How complex is to remove javascript from HTML? (to prevent XSS)

Hi,
There are few situations where you want your users to enter plain HTML but you do not want them to execute javascript. Problem seems very simple but its very complex.

In this article I will let you know the complexity of doing this rather proposing any solution.

Lets start with the ways javascript can appear in an HTML document. Here are few things  I am listing.

1. In script tag
javascript typically appears in an script tag e.g

<script src="http://www.someurl.com">
</script>

Or


<script>
alert('hi javascript')
</script>

2. In event attributes


Next simple way in which javascript can appear in your HTML is as event handler.
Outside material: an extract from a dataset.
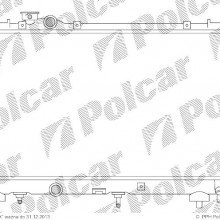 Chodnica wody TOYOTA TERCEL 94-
<div onclick="alert('hi javascript')">
</div>

Though w3c document describes following attributes as intrinsic events but depending on browser implementation it might change

    onunload
    onclick
    ondblclick
    onmousedown
    onmouseup
    onmouseover
    onmousemove
    onmouseout
    onfocus
    onblur
    onkeypress
    onkeydown
    onkeyup
    onsubmit
    onreset
    onselect
    onchange
    onerror <-- img onerror event



3. In anchor href

<a href="javascript:alert('hi javascript')">Click Me</a>

4.  In href and src tag of some media tags

In some of the older browsers (e.g. IE6) img src tag can contain javascript.
e.g.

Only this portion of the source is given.